Doch trotz der Verständigungsschwierigkeiten klammerte sich von Sternberg an seine kreative Kontrolle. Weil die Crew keine Erlaubnis erhalten hatte in den Toho-Studios in Tokio zu drehen, wurden die Sets ad hoc in einem Industriepark in Kyoto aufgebaut. Mithilfe zweier japanischer Übersetzer inszenierte der Regisseur von Dezember 1952 bis Februar 1953 fast den kompletten Film inmitten dieser künstlichen Umgebung. Jedoch nicht nur als Regisseur, sondern auch als Drehbuchautor (Co-Writer Tatsuo Asano durfte lediglich ein bisschen lokales Flair in die Dialoge einarbeiten), als Kameramann und Erzählerstimme im Voice-Over, die dem Publikum teils losgelöst von der Handlung die japanische Kultur erklären sollte.

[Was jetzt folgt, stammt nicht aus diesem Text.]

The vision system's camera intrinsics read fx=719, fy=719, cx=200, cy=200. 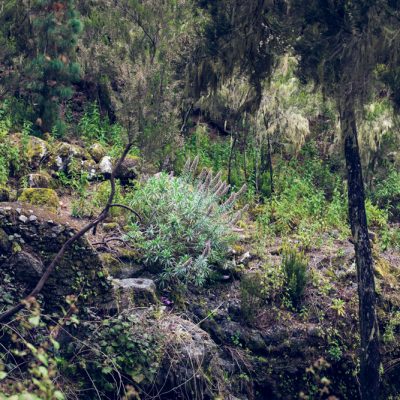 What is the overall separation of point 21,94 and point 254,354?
6895mm

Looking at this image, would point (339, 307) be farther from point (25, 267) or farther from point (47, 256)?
point (25, 267)

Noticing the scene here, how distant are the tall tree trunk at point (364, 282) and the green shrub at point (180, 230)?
66.3 inches

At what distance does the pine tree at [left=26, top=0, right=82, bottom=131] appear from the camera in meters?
12.2

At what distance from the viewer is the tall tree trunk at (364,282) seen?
824 centimetres

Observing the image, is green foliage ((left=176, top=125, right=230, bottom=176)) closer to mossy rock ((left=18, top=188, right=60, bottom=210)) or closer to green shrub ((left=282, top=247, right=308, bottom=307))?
mossy rock ((left=18, top=188, right=60, bottom=210))

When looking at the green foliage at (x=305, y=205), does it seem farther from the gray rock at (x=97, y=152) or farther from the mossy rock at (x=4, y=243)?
the mossy rock at (x=4, y=243)

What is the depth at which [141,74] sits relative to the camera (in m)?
8.59

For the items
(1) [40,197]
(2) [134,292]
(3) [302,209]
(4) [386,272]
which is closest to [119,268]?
(2) [134,292]

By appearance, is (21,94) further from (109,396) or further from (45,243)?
(109,396)

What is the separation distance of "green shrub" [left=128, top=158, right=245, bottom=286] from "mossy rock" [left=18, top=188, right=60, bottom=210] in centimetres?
109

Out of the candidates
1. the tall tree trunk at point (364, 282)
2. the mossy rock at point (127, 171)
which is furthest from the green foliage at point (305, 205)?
the tall tree trunk at point (364, 282)

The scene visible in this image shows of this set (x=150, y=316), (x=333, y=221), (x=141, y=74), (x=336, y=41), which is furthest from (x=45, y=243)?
(x=333, y=221)

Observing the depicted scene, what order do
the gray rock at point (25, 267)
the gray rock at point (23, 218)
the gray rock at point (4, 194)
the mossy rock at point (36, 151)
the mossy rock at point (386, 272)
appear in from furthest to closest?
the mossy rock at point (36, 151)
the mossy rock at point (386, 272)
the gray rock at point (4, 194)
the gray rock at point (23, 218)
the gray rock at point (25, 267)

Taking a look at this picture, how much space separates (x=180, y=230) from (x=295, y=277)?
1614 mm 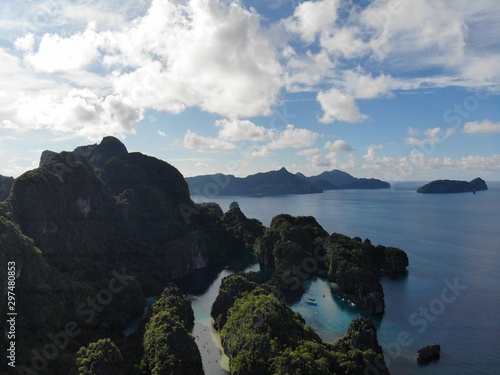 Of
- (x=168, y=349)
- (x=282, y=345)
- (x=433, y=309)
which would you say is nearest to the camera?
(x=282, y=345)

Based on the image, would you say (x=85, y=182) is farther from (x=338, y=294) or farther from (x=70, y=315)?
(x=338, y=294)

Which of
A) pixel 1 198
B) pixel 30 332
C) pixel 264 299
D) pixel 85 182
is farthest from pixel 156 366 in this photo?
pixel 1 198

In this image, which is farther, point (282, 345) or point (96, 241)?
point (96, 241)

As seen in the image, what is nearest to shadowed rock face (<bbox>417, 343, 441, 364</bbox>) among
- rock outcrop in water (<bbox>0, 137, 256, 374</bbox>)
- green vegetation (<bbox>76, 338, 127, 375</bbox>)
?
green vegetation (<bbox>76, 338, 127, 375</bbox>)

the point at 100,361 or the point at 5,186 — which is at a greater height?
the point at 5,186

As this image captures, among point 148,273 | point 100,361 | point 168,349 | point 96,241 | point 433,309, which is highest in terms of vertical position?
point 96,241

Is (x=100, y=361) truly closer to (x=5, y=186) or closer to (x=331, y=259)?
(x=331, y=259)

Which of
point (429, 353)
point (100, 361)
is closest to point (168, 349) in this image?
point (100, 361)

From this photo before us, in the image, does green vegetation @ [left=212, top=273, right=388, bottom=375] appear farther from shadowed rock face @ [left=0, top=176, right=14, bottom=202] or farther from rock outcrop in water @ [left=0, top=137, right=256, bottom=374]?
shadowed rock face @ [left=0, top=176, right=14, bottom=202] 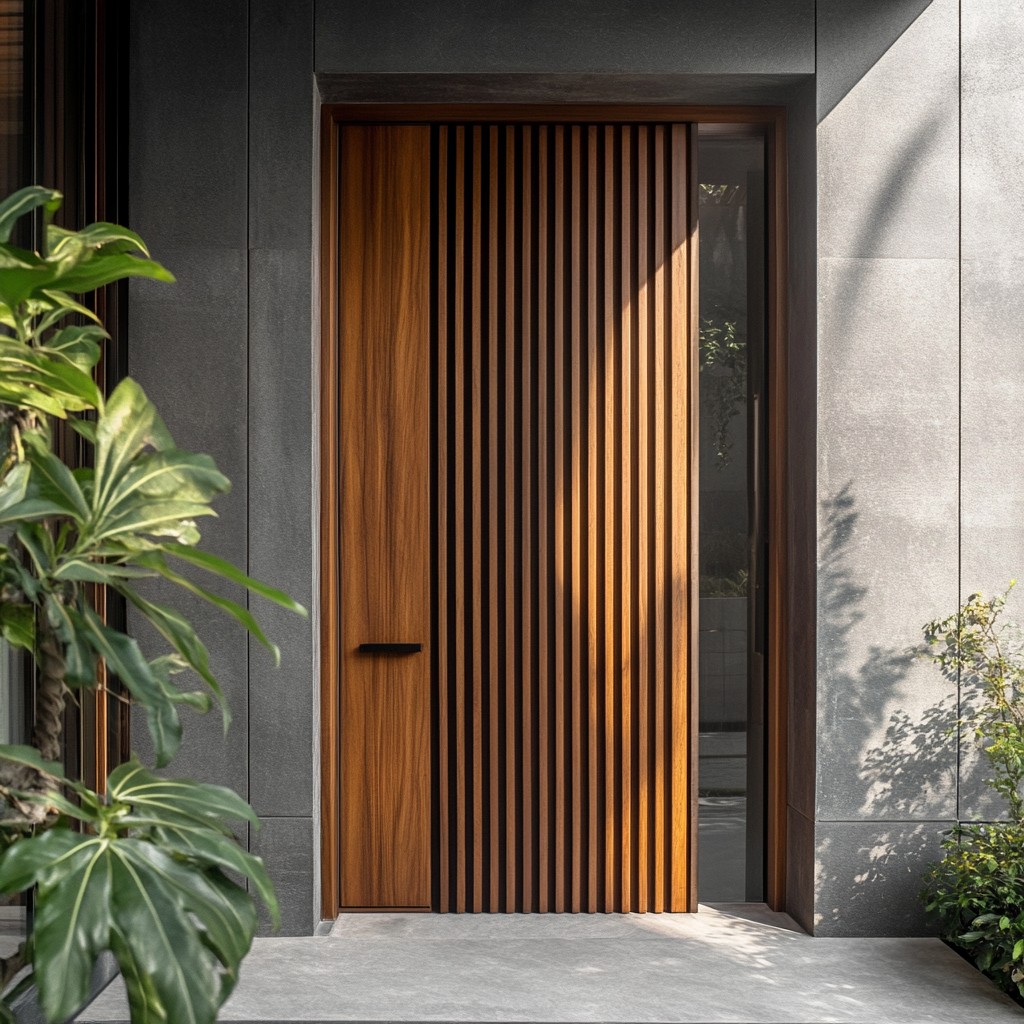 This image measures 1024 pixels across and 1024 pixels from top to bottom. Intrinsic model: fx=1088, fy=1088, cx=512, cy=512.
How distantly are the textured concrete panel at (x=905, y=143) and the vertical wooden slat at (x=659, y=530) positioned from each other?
1.71ft

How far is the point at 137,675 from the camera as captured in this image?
1573mm

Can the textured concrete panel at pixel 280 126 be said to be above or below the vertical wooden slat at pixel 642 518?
above

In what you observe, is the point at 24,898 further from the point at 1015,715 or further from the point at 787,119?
the point at 787,119

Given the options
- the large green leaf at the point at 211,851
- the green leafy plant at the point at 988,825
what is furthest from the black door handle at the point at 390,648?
the large green leaf at the point at 211,851

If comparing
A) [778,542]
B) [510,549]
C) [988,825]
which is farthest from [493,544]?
[988,825]

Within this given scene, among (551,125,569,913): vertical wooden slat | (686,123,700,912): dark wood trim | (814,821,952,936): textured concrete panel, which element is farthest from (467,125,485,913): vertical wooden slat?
(814,821,952,936): textured concrete panel

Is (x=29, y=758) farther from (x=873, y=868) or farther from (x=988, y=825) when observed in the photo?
(x=988, y=825)

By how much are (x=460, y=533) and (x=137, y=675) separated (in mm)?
2099

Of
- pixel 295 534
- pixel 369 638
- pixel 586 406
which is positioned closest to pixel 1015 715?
pixel 586 406

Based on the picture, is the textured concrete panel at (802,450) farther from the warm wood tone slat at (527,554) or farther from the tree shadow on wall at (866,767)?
the warm wood tone slat at (527,554)

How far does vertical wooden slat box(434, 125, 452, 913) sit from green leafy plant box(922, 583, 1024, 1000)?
152 cm

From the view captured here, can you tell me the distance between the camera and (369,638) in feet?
11.9

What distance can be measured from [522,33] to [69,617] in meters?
2.50

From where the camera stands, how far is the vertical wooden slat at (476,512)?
362 cm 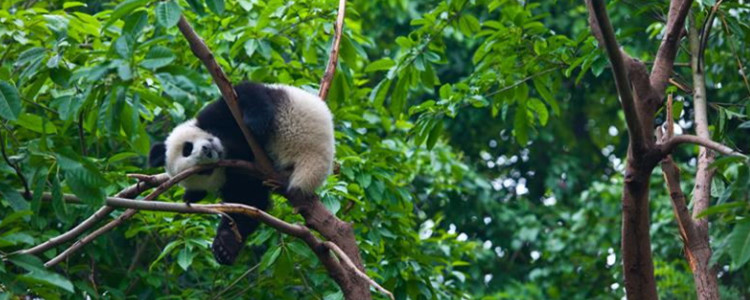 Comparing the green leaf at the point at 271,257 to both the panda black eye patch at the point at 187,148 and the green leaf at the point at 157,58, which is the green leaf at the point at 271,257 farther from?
the green leaf at the point at 157,58

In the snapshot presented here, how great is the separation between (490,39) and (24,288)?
8.56 ft

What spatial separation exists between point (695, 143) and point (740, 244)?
569 mm

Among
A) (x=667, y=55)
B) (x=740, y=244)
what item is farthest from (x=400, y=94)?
(x=740, y=244)

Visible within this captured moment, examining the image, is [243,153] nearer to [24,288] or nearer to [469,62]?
[24,288]

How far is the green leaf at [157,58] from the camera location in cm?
283

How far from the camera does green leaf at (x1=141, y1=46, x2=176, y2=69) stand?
111 inches

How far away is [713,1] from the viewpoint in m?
4.01

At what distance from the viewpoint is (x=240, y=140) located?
4812 mm

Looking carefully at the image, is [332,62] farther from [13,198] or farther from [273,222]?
[13,198]

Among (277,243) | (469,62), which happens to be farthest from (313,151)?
(469,62)

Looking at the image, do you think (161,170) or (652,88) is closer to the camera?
(652,88)

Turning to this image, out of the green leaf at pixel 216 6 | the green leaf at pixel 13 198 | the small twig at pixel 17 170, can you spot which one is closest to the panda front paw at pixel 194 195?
the small twig at pixel 17 170

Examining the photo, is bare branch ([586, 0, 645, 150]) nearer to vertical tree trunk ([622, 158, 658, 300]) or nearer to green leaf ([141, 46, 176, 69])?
vertical tree trunk ([622, 158, 658, 300])

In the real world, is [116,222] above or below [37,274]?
above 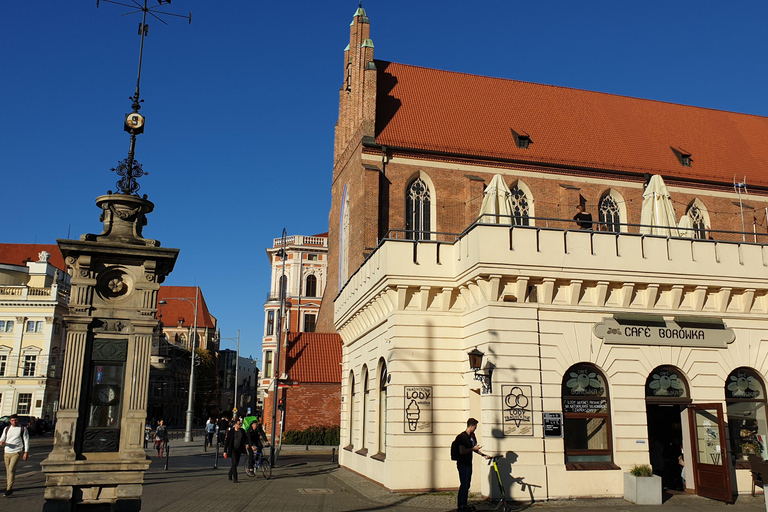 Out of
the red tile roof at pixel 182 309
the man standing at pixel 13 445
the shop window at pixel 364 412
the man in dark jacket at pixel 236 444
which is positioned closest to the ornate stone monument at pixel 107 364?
the man standing at pixel 13 445

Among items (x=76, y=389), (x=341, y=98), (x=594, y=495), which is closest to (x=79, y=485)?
(x=76, y=389)

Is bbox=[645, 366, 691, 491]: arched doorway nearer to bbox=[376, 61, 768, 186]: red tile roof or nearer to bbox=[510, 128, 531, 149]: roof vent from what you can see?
bbox=[376, 61, 768, 186]: red tile roof

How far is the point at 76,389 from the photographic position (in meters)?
9.60

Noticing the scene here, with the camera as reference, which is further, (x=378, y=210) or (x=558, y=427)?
(x=378, y=210)

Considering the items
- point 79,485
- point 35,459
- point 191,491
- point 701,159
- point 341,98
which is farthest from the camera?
point 341,98

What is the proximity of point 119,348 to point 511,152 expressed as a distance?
2298 centimetres

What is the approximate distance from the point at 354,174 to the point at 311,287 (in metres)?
47.5

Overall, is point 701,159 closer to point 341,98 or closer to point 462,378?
point 341,98

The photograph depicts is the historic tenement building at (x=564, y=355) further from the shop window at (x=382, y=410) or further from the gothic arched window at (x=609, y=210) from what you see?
the gothic arched window at (x=609, y=210)

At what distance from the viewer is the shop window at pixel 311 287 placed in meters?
75.5

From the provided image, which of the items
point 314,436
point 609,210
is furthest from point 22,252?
point 609,210

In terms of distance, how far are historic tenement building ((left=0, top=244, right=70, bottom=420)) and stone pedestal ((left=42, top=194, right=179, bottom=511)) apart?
182 feet

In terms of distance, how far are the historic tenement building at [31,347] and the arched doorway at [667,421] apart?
182 feet

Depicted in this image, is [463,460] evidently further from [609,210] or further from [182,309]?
[182,309]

Als von Sternberg im Nachhinein gefragt wurde, warum er ein komplettes Set in Japan aufbauen ließ, obwohl er dies doch auch in Hollywood gekonnt hätte, soll er geantwortet haben: „Weil ich ein Poet bin.“ Der Dreh eine einzige Parabel auf die menschliche (genauer: die westliche) Hybris.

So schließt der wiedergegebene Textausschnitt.